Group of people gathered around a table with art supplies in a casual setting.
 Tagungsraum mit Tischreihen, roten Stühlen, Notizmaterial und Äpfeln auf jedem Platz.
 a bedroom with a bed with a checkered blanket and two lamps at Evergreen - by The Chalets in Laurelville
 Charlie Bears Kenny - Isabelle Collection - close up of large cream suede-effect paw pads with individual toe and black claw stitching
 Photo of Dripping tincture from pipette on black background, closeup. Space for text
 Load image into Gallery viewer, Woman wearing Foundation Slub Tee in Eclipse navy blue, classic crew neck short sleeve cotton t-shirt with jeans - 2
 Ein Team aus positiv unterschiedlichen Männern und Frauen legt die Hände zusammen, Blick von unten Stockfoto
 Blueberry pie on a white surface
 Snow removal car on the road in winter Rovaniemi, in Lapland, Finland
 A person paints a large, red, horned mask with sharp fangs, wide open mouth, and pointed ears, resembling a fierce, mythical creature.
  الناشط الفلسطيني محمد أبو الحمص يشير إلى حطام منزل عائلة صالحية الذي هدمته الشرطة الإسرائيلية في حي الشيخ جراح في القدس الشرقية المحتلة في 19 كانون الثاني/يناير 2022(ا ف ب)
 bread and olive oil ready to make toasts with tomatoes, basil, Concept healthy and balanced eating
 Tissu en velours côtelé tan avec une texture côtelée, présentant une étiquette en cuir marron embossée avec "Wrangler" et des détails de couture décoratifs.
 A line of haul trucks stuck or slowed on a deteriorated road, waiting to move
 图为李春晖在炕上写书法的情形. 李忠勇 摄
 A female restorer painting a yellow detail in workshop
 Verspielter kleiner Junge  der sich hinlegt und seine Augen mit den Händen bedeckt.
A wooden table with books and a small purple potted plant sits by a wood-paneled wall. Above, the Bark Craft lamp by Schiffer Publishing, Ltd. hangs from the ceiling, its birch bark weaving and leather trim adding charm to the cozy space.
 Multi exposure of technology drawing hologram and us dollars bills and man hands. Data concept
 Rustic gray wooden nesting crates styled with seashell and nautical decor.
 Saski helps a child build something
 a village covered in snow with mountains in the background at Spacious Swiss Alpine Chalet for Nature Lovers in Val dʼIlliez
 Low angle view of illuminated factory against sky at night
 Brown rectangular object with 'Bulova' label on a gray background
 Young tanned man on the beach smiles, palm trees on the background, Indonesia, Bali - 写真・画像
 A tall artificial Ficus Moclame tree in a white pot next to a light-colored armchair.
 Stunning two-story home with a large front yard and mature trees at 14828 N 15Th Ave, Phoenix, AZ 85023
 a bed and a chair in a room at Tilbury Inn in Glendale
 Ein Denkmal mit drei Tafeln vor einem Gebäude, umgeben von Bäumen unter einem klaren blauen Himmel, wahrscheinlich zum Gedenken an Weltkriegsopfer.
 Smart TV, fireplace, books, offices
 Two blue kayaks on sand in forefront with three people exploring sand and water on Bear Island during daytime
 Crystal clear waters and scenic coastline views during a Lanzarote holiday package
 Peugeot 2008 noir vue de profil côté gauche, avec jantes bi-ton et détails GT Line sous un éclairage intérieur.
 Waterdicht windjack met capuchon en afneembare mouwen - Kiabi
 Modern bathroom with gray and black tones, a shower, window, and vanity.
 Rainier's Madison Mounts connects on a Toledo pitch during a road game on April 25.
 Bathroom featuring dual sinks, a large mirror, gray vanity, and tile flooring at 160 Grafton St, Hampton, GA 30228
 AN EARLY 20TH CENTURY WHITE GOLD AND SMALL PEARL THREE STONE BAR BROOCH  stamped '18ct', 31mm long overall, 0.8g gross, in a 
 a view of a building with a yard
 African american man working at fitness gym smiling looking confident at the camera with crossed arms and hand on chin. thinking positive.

=-=-=-=-=

▶ **Exercise directions**
Scan the listing for "wooden" and copy out each line that has it.

▶ **Written solution**
A wooden table with books and a small purple potted plant sits by a wood-paneled wall. Above, the Bark Craft lamp by Schiffer Publishing, Ltd. hangs from the ceiling, its birch bark weaving and leather trim adding charm to the cozy space.
 Rustic gray wooden nesting crates styled with seashell and nautical decor.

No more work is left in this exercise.